SUPPLIED DATA
>>>
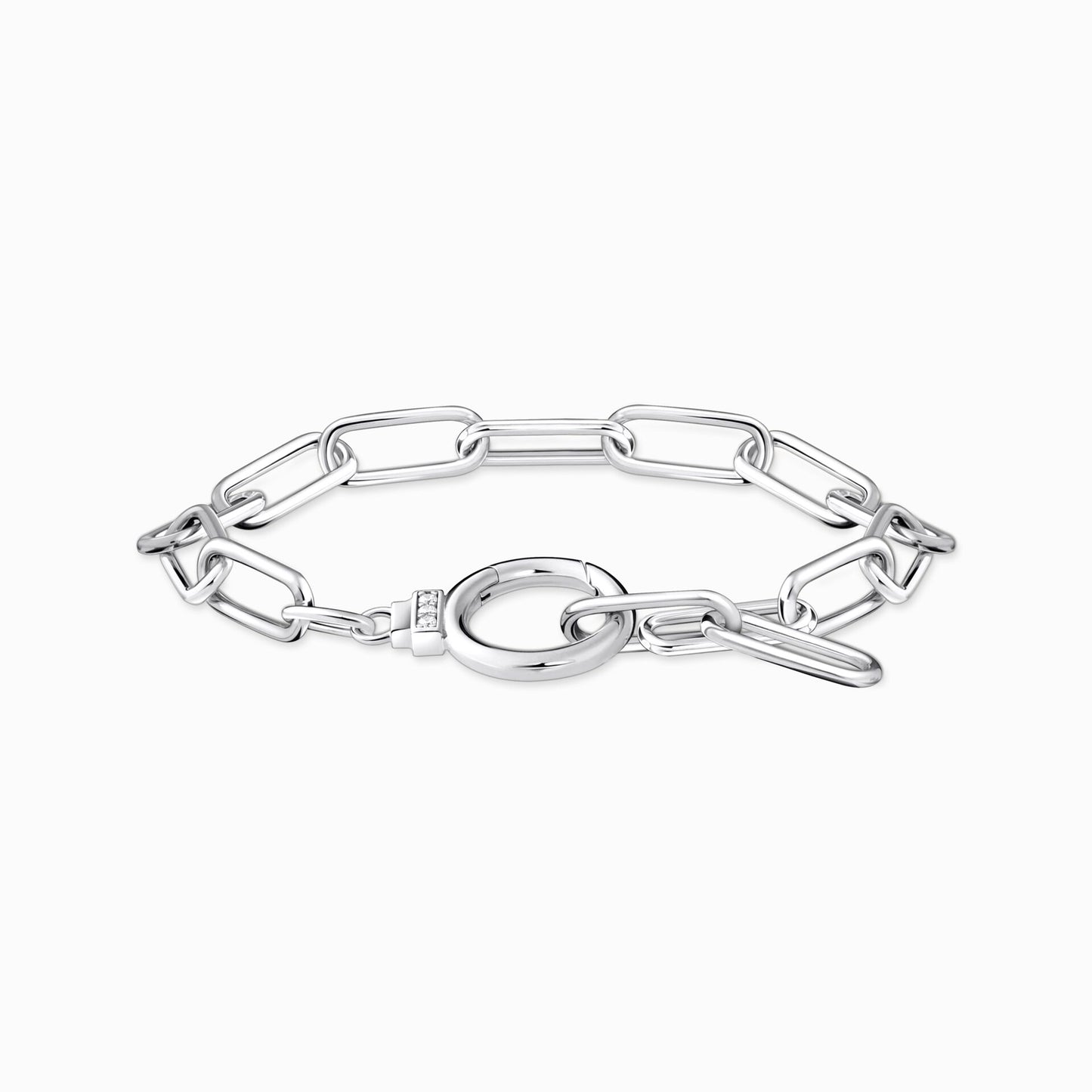 Silver Bracelet Cz Loop Clasp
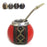 Mate Gourd W/ Bombilla Argentina Handmade Yerba Cup Straw 6oz Drinking Kit 3129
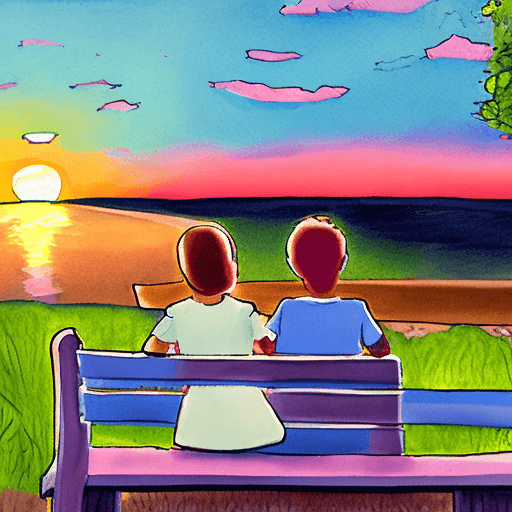 AI generated:  doodle image of girl and boy sitting on bench and staring at the sky on beautiful sunset.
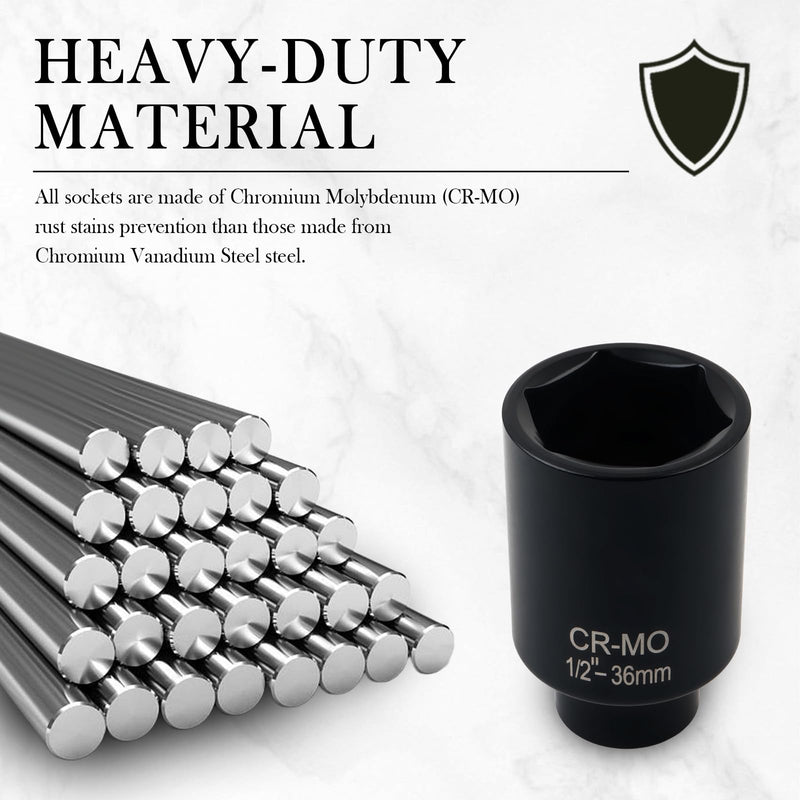 36mm Socket 1/2 Drive with 6 Point Design,Anti-Rust Axle Nut Sockets Set for Quick Shaft Nut Removal,Professional Deep Impact Socket Set 1/2 Drive Essential Car Tools (36mm) 36mm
<<<
EXERCISE INSTRUCTIONS
Copy exactly, please, the lines that run from the line holding "on beautiful sunset." through the closing line of the material above, omitting every picture.

WORKED SOLUTION
 AI generated:  doodle image of girl and boy sitting on bench and staring at the sky on beautiful sunset.
 36mm Socket 1/2 Drive with 6 Point Design,Anti-Rust Axle Nut Sockets Set for Quick Shaft Nut Removal,Professional Deep Impact Socket Set 1/2 Drive Essential Car Tools (36mm) 36mm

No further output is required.